Maître jacques Trémolet de Villiers va, sans surprise, creuser ce sillon : "Je demande la relaxe avec force ! On ne trouve aucun élément dans ce dossier ! Où sont les éclats de voix, où sont les insultes ? Le dossier est rempli de personnes qui disent que mon client était très courtois, très poli.
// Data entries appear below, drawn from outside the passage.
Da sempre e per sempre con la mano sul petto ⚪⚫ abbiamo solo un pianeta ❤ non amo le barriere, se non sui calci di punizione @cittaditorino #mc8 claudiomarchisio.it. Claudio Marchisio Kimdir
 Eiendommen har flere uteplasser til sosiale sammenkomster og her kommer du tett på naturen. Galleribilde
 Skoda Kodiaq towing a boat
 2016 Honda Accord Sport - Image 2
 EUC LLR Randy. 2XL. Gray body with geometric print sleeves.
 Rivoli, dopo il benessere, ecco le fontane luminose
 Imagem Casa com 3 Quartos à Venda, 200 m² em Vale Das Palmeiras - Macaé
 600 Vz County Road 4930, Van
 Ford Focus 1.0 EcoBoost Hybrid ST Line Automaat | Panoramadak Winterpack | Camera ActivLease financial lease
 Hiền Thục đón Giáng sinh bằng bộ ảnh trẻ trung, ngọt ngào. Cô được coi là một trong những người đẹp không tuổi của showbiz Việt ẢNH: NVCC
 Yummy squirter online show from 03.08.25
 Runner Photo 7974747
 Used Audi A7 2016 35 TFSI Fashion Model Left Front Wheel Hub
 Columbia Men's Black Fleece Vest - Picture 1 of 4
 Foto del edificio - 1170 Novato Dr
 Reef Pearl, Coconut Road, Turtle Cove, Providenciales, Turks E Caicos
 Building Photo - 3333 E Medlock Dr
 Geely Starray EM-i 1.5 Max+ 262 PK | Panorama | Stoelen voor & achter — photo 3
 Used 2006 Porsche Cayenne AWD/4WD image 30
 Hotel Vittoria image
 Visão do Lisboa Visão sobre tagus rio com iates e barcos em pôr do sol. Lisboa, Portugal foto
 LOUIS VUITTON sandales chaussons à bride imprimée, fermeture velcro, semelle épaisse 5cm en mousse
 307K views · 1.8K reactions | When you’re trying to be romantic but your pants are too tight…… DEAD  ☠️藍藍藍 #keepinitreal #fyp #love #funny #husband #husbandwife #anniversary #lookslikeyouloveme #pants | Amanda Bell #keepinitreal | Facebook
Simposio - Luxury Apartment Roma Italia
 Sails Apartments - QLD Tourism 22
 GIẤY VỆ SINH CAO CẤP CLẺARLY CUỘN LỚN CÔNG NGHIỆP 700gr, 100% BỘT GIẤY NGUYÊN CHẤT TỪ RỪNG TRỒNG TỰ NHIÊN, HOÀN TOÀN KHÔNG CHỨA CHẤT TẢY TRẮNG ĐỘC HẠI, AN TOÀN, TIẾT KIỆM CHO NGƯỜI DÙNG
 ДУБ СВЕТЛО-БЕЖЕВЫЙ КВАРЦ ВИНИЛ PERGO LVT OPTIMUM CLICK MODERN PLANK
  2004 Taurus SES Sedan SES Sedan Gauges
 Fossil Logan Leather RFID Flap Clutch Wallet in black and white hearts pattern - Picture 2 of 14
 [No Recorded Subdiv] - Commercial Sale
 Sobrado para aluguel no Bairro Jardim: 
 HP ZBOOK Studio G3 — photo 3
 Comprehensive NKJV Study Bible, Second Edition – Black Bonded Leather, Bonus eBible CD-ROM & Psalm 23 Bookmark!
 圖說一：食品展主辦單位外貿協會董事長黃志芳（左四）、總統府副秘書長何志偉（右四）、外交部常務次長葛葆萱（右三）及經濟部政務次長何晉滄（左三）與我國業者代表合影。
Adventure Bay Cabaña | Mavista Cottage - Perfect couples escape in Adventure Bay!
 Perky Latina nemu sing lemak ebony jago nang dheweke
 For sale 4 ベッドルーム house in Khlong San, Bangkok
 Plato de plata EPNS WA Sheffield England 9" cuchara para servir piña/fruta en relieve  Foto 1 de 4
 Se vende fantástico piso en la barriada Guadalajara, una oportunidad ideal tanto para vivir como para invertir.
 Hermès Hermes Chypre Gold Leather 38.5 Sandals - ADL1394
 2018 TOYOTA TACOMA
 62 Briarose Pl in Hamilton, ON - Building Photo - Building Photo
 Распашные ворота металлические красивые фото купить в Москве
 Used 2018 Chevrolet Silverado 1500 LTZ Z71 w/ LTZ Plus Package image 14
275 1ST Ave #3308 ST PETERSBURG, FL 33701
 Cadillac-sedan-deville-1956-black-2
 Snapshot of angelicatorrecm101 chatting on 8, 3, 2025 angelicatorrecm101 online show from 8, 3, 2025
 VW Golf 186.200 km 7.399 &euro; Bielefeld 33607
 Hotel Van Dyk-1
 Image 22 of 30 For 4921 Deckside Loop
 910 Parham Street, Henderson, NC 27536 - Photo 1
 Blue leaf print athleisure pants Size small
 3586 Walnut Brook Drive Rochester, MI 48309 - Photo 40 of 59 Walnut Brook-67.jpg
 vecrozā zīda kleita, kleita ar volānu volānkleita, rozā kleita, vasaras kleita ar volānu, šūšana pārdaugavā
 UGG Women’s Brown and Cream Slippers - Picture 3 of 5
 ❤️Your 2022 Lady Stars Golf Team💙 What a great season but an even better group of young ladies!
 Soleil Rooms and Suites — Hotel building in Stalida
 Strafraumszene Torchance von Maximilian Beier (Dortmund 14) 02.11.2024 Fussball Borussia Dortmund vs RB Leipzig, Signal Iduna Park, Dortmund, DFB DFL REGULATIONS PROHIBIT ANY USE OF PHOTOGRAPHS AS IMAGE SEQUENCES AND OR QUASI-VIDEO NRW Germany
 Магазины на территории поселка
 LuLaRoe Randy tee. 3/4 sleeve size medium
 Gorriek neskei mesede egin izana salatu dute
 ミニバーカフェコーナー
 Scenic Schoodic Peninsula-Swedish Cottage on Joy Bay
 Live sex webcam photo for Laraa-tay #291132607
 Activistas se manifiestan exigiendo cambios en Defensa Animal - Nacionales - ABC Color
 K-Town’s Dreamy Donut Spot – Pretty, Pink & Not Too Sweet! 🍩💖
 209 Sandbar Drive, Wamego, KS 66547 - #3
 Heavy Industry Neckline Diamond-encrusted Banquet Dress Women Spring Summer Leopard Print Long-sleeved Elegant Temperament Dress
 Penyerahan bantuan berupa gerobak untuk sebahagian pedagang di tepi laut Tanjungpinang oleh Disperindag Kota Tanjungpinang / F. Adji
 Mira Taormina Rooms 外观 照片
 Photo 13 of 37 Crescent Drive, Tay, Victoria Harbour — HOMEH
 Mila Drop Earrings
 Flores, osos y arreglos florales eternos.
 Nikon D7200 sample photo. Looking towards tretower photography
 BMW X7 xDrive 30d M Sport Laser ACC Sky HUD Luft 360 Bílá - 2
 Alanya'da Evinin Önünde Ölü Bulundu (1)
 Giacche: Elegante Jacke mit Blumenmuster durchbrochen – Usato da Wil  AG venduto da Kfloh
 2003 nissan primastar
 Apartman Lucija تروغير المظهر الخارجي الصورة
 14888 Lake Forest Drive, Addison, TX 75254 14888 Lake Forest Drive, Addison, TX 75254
Nous sommes dans un procès où il faut juger la qualité des dires de la plaignante parce qu'elle est la seule à dire cela. Est-elle crédible ? He ben non. Son passé n'est pas crédible. Elle est menteuse, elle se roule par terre. Et il ne faudrait pas le prendre en compte ?"

L'avocat, septuagénaire, les cheveux gris habilement ramenés sur les tempes, marque un temps d'arrêt, avant de conclure : "elle peut dire tant qu'elle veut que sa vie a été écrasée. Ce n'est pas vrai. Prouvez-le ! Les faits, irréfutables, ne sont pas là". 

Même peine qu'en première instance

Du côté du ministère public, autre son de cloche. Le dossier, selon elle, est volumineux, dense, et ne manque pas de témoignages et d'éléments à charge. L'avocate générale rappelle ce qu'est, en droit, le harcèlement moral. Mais elle déclare que s'il a eu lieu, ce dont elle ne doute pas, ce n'était peut-être pas fait sciemment.

"Monsieur Simeon de Buochberg a souhaité se débarrasser de cette personne qui ne lui convenait pas, pour un tas de raisons, dont certaines sont politiques. Sans pour autant vouloir en arriver là. Fondamentalement, il n'a pas cherché à nuire à titre personnel, mais il a causé à Isabelle Peignon un dommage médical irréversible. Pour moi la peine de première instance était parfaitement adaptée, je vous demande donc de réitérer la peine de trois mois d'emprisonnement".  

Le délibéré a été fixé au 19 janvier 2021.